For context: This is for fast, dynamic, lookup-trees for vectors of Floats which are structured based on bit values (www.phtree.org)
The checks we do to make bit shift operations have predictable, well-defined behavior unfortunately cause quite a bit of unwanted code bloat here. This leads to a paradoxical situation where doing what seems to be more work at the high level ends up generating less machine code. Here’s what I came up with:
rawbit(x::Float64, bit::UInt64) = reinterpret(UInt64, x) & (1 << (63 & (bit-1)))
rawbit(x::Float64, bit::Integer) = rawbit(x, bit % UInt64)
julia> @code_native rawbit(1.5, 3)
vmovq %xmm0, %rcx
addl $63, %edi
movl $1, %eax
shlxq %rdi, %rax, %rax
andq %rcx, %rax
retq
I’ve omitted all the verbose comments that @code_native
emits these days. The key tricks here are:
-
bits % UInt64
: modding the bit
index into the UInt64
type which is strictly non-negative allows the code to skip checking for negative shift values.
-
63 & (bit-1)
: anding the bit-1
shift value with 63 guarantees that the bit shift value cannot be too large which allows the code to skip checking for and handling overly large shift values.
The flip side is that the function has the explicit behavior that it mods all integer values it’s given into a shift value between 0 and 63. As long as you’re ok with that, this definition will work.
3 Likes
Oh, also, note that if you have code that uses constant values for bit
a lot of that code bloat goes away.
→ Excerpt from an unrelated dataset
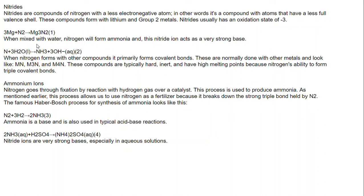Following the compounds of nitrogen of group 5A of the periodic table, we come to nitrites. Nitrites are compounds of nitrogen with a less electronegative atom — compounds with atoms that have a less full valent shell. These compounds form with lithium and group 2 metals. Nitrites usually have an oxidation state of minus 3, as in the case of Mg3N2, magnesium nitride.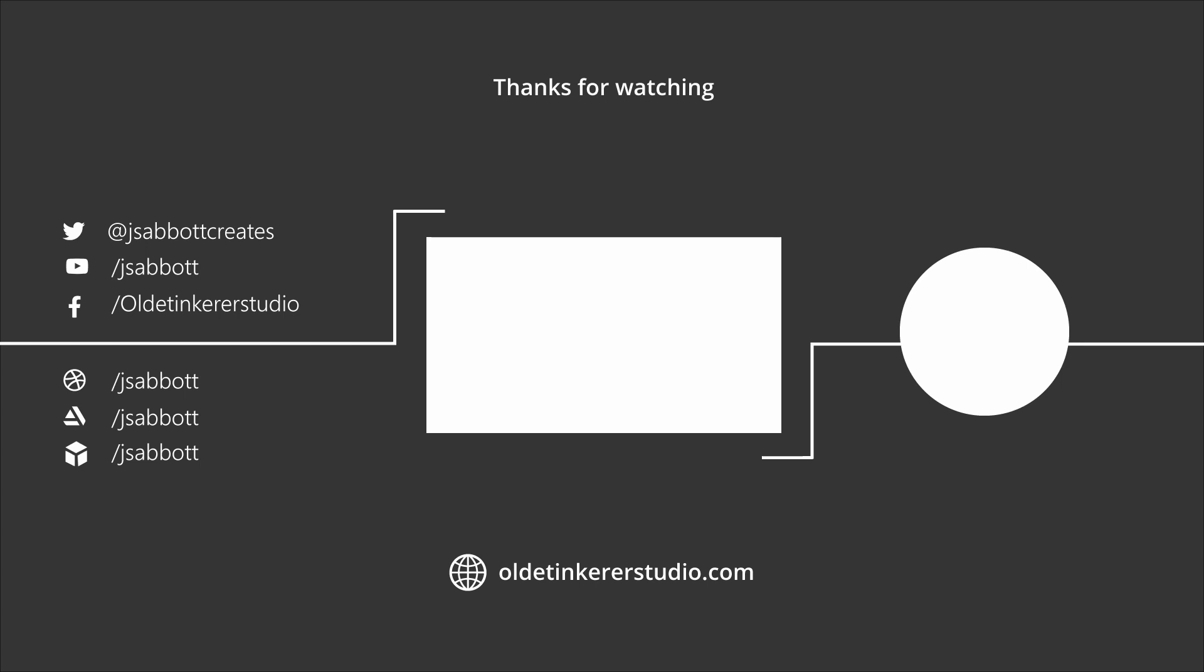Thanks for watching, have a good day. And we'll see you next time.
For my definition for example:
bit12(x::Float64) = rawbit(x, 12)
julia> @code_native bit12(1.5)
vmovq %xmm0, %rax
andl $2048, %eax ## imm = 0x800
retq
That’s the minimal code you can hope for since you have to move float values to integer registers before you can do integer operations on them.
2 Likes
with this macro I copied from here rewritten so it works in a loop/iteration 1:64
macro make_rawbit(idx)
fn = Symbol(string("rawbit",idx))
quote
function $(esc(fn))(x::Float64)
rawbit(x, $idx)
end
end
end
or just written 64 times
@make_rawbit(i) where i=1:64
rawbits = (rawbit1, rawbit2, .., rawbit64)
rawbits[kthbit](targetfloat64)
rawbits[kthbit](targetfloat64)
compiles as rawbitk(targetfloat64)
I don’t think this is any more efficient than calling rawbit(x, bit)
with a constant bit
value (at least not on master, and I suspect on older versions as well).
It is not faster than that. It is exactly as fast as that (the native code appears identical).
I mentioned the approach to allow someone to get the performance you isolated without needing to know which bit they may need during the time of problem solution.
a celebration of your code
2 Likes
Thanks to both of you, this is very helpful.
This seems a case where the switch statement might be useful: A case/switch statement for Julia · Issue #18285 · JuliaLang/julia · GitHub
but I can also work with the code you’ve given me to pre-calc which rawbit function to use at which level (in my tree structure) and thus get good performance anyway.
Oh, for others that might have similar situation I should point out that Stefan’s solution require 0.7, on 0.6 the generated code is not as optimal.